Contrôle des Safer : ce qui change avec la nouvelle loi
Les sénateurs et les députés ont adopté en urgence une proposition de loi qui confie à la Safer le contrôle de tous les transferts de parts sociales. Objectif affiché : empêcher les agrandissements « excessifs ».
Les sénateurs et les députés ont adopté en urgence une proposition de loi qui confie à la Safer le contrôle de tous les transferts de parts sociales. Objectif affiché : empêcher les agrandissements « excessifs ».
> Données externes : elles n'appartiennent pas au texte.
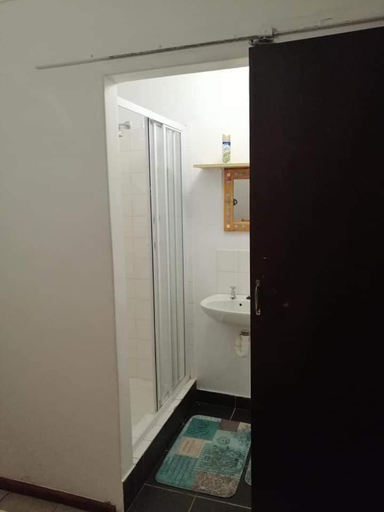 Bathroom 5, Garden Route Stay, Eden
Fini les rachats de parts sociales de sociétés pour s’agrandir en toute discrétion. Après un accord entre députés et sénateurs en commission mixte paritaire, la loi « portant mesures d’urgence pour assurer la régulation du foncier », dite « loi Sempastous » a été adoptée par le Sénat et l’Assemblée en décembre 2021. La loi s’appliquera à toutes les ventes signées après le 1er novembre 2022, sauf pour les promesses de vente formalisées avant cette date et réalisées dans le mois suivant.
Cette loi renforce nettement les prérogatives des Safer. Ces sociétés anonymes « d’intérêt public » vont en effet disposer d’un droit de regard sur l’ensemble des transactions de terres, sous quelque forme que ce soit. Jusqu’à présent, seuls les transferts intégraux de parts sociales étaient examinés par la Safer. Pour y échapper, de nombreuses transactions étaient effectuées via des transferts partiels. Selon la Safer, ces dernières totalisent aujourd’hui 1,2 milliard d’euros, contre 5 milliards d’euros pour le marché foncier agricole.
Principales mesures de cette loi : l’instauration d’un nouveau contrôle, en plus de l’actuel contrôle des structures. Le législateur confie l’instruction des dossiers aux Safer, qui alerteront les services de l’État si nécessaire. Les agrandissements ne devront pas dépasser un seuil plancher d’agrandissement compris entre 1,5 à 3 fois la SAU régionale moyenne (SAURM). Le curseur précis sera bientôt déterminé par le préfet dans chaque département. Charge aux organisations agricoles de plaider pour la définition d’un seuil adapté à la réalité des exploitations professionnelles.
En France, la surface moyenne d’une exploitation de grandes cultures est aujourd’hui de 130 hectares. À titre d’exemple, en région Grand-Est, ou la SAURM est de 86 ha, le seuil de 1,5 serait dépassé dès 129 hectares. Dans les Hauts-de-France, ce seuil est de 126 ha, contre 104 ha en Normandie. En Île-de-France, ou la SAURM est de 131 ha, le seuil plancher de 1,5 sera atteint dès 196 hectares.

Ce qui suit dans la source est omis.